Frye Academy helps students deepen their love of reading

Frye Academy helps students deepen their love of reading

To many book lovers, the next best thing to reading a good book is debating it, dissecting it and sharing your feelings about it with others who have read it.

Students at the Frye Academy know that feeling well.

"I love to meet people who love books, who love reading books and also like to talk about it," Dominique Desrosiers, a Grade 12 student at École Mathieu-Martin in Dieppe, N.B., said on Information Morning Moncton.

Vote for a favourite

The Frye Academy allows students like Desrosiers to meet, read and debate contemporary Canadian books every year.

Frye Academy jurors then vote for their favourite, and the winning author is invited to the Frye Festival being held this week in Moncton.

Emma Parlee, a Grade 10 student at JMA Armstrong High School in Salisbury, N.B., said two books had a strong impact on her this year: Wake the Stoneman, the winning book, and Le vent en parle encore, the book she voted for.

Both are about residential schools and the effect they had on First Nations communities.

"I was just so glad I got to read these books and learn the things I did, because they weren't books I would have regularly picked up," she said on Information Morning Moncton.

"It was great to be able to talk to somebody about a book that we had both read."
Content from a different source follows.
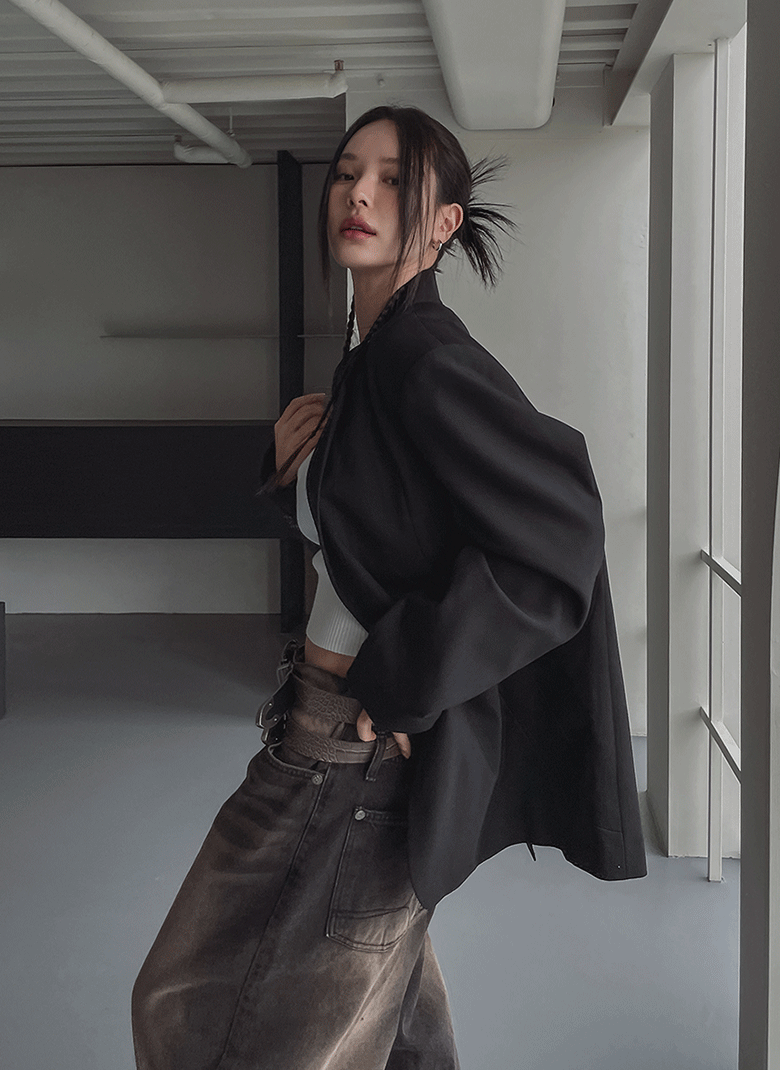 ULAN（ユレン）の「ポーリンミニマルシングルブレザー（ジャケット/アウター）」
Parlee said both books were good, but felt Le vent en parle encore was more raw and intense and thus not as suitable for younger students.

"It was very interesting, but also terrifying to learn all the details of the horrible, horrible things that went on and how all of these kids were scarred for life," she said. "And people got away with things that you could never ever get away with now. Well, I hope not."

The Frye Festival wraps up Saturday.